En general, el poderoso influjo de la industria de la información (desde el fabricante de ordenadores hasta las grandes sociedades anónimas de los medios comunicación masivos) no sólo ha cambiado al espectador, sino que ha cambiado la forma de vivir, la forma de relacionarnos. Entre otros factores, la PIBización de la vida contribuye a que el sentido de pregunta por “el valor de las cosas” se haya desplazado hacia la pregunta por el valor de utilidad en bruto, lo que provoca que en la esencia de la pregunta sobre “el valor de las cosas”, se obvie uno de los sentidos primordiales del término “valor”. Desactivada de esta manera la pregunta sobre el valor de las cosas en sentido moral (y obviamente, terminando a su vez con pregunta por el valor de los valores), se oscurece la posibilidad de preguntar cómo afectan esas cosas que valoramos a nuestra manera de vivir. A la vez que la utilidad de aparatos, mejoras de software, nuevas revistas o periódicos se instala en nuestras vidas, la atención en torno a esa utilidad se fija deliberadamente en la apertura de posibilidades que sin duda la multiplicidad de productos permiten, dejando de lado en este proceso los elementos oscuros y contradictorios que conlleva. La transformación de nuestras vidas corre paralela al desarrollo de estas tecnologías de una manera que cuesta imaginar mientras el foco siga situándose sólo en ese marco de utilidad, de posibilidades abiertas.

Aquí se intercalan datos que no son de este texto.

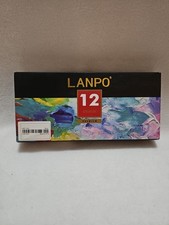 Lanpo Gouache Paints 12 Count. New, Never Used.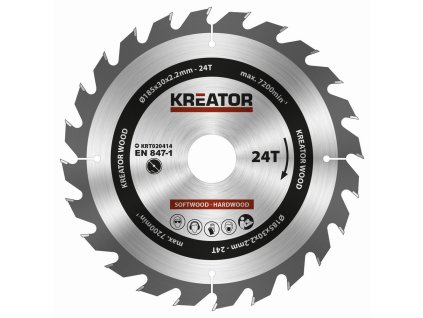 38120 krt020414 pilovy kotouc na drevo 185mm 24t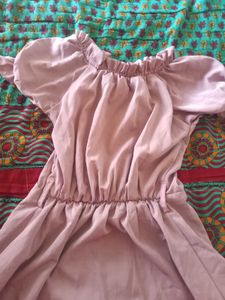 Mauve Button-Down Top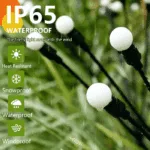 Lampes de Jardin Solaires à LED – Lumière Blanche Chaude – Image 4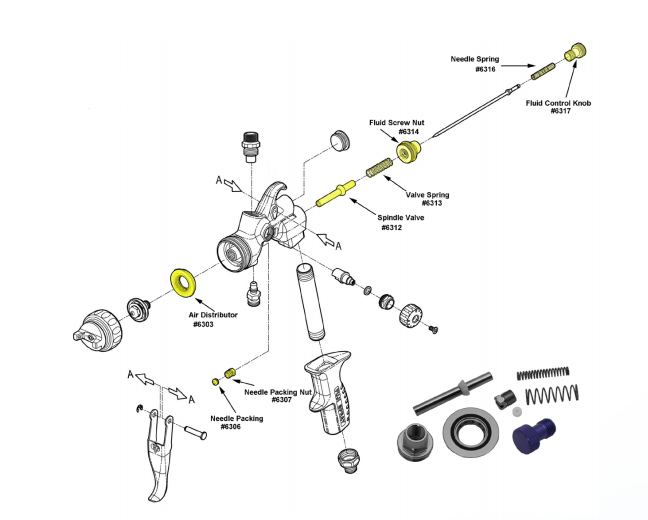 Fuji Spray MPX-30 Rebuild Kit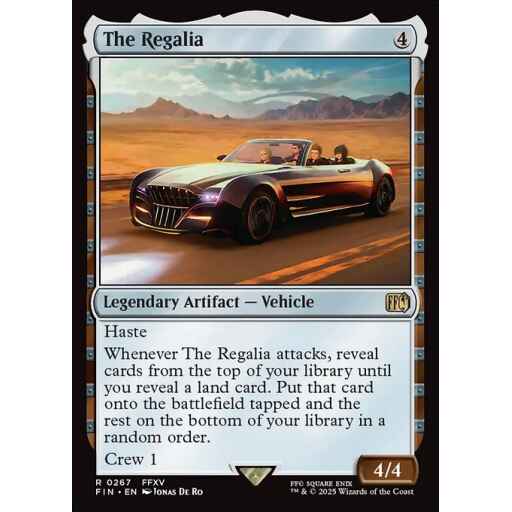 Final Fantasy - 267 - The Regalia - Rare - C - Non-foil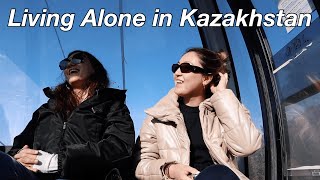 my life in Kazakhstan | getting vaccine, injured my finger, my birthday, russian spa, skiing resort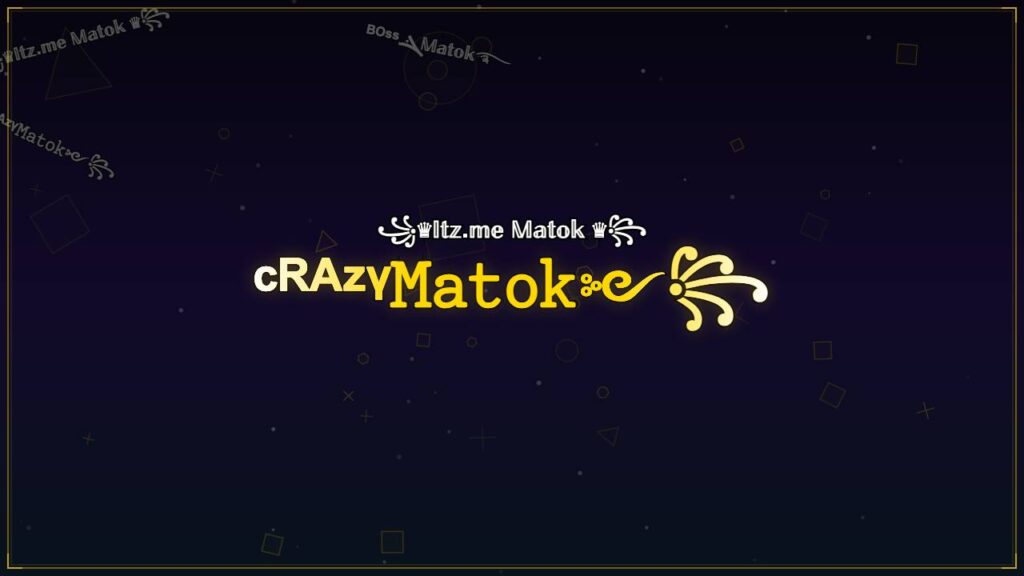 ᶜᴿᴬᶻᵞ𝙼𝚊𝚝𝚘𝚔༻꧂ – Matok Stylish Name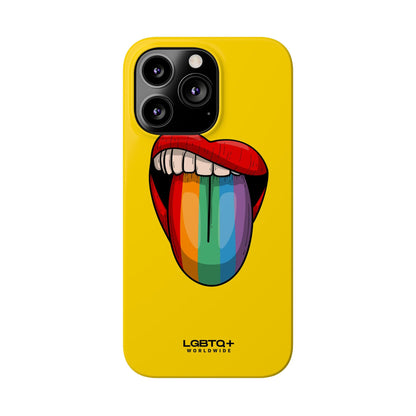 LGBTQWorldwide - ,,ZUNGE" Handyhülle Accessories, Back-to-School, card, Glossy, iPhone, iPhone Cases, Phone accessory, Phone Cases, Samsung Cases, Slim lgbtq Bekleidung Accessoires unisex Zubehör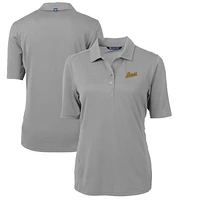 Women's Cutter & Buck Gray George Mason Patriots Team Virtue Eco Pique Recycled Polo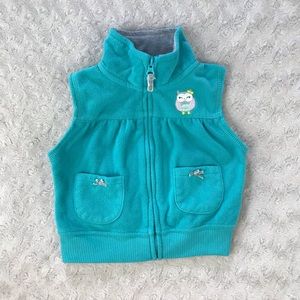 Carter’s Owl Vest Fleece Full Zip 12 Months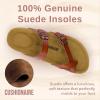 imageCUSHIONAIRE Womens Luna Cork Footbed Sandal With ComfortWhiskey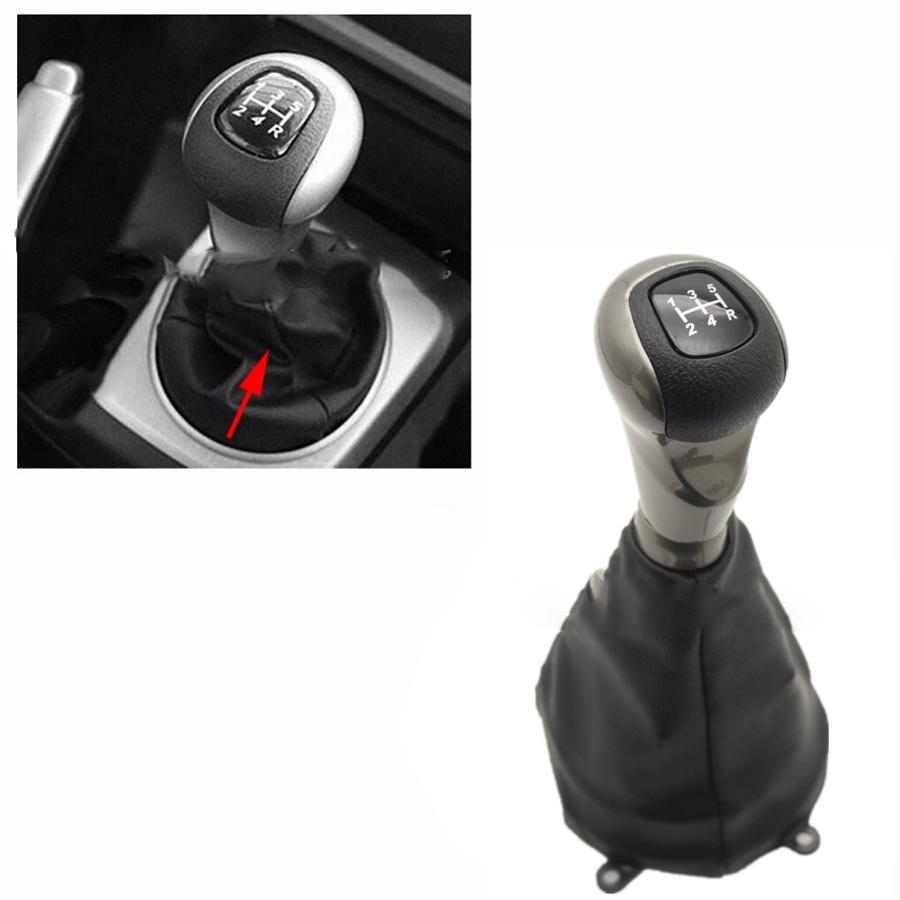 

Ручка рычага переключения передач 5 скоростей черная кожаный чехол для Honda Civic DX EX LX 2006 2007 2008 2009 2010 2011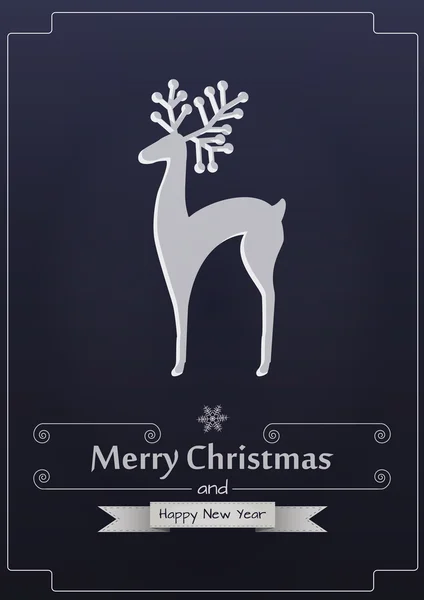 Merry Christmas Reindeer — Stockvector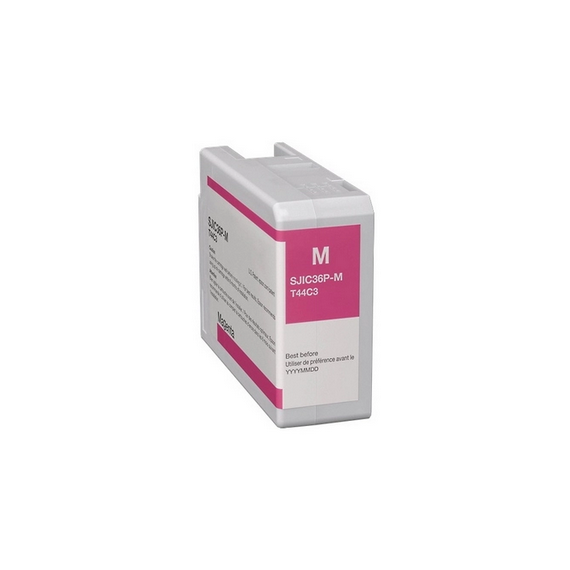Cartuccia SJIC36M magenta C13T44C340 ink pigment compatibile per Epson ColorWorks C6000,C6500 SJIC36PM capacità 80ml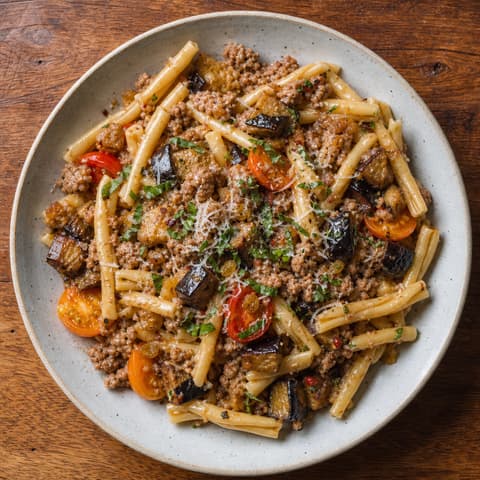 Sicilian Pork & Eggplant Casarecce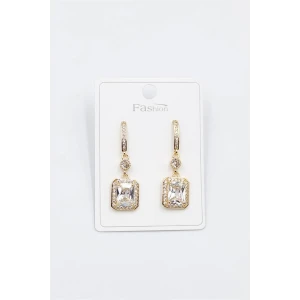 ieg™ Taşlı Baget Küpe - Altın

En el anuncio de un automóvil ¿alguien ha visto roturas de motor, aire irrespirable, manchas de grasa, atascos interminables o personas sin un duro para poder pagar la gasolina? Esto no es habitual porque son los elementos que conscientemente se esconden en favor de la obvia utilidad del automóvil. Lo que solemos ver en esos anuncios son carreteras verdes y amplias en las que no molesta ningún coche y todos se dejan adelantar mansamente. El juego que mencionábamos opera aquí cuando se introduce la utilidad por un lado, mientras que por otro se esconden ciertos elementos indeseables. En este proceso el objetivo es doble: Convencer y reafirmar. En el concepto “costes medioambientales” nos encontramos con la vuelta de tuerca a esta lógica. Al descubrir los desastres medioambientales producidos por la actividad industrial, a alguien se le ocurrió la genial idea de integrar los efectos no deseados en el calculo de utilidad para matar dos pájaros de un tiro. Por un lado, se consigue eliminar la sensación de que algo huele mal. Por otro, se elimina un fuerte sentimiento de culpa. Y así, todo puede seguir igual, con la felicitante sensación de que este es el buen camino.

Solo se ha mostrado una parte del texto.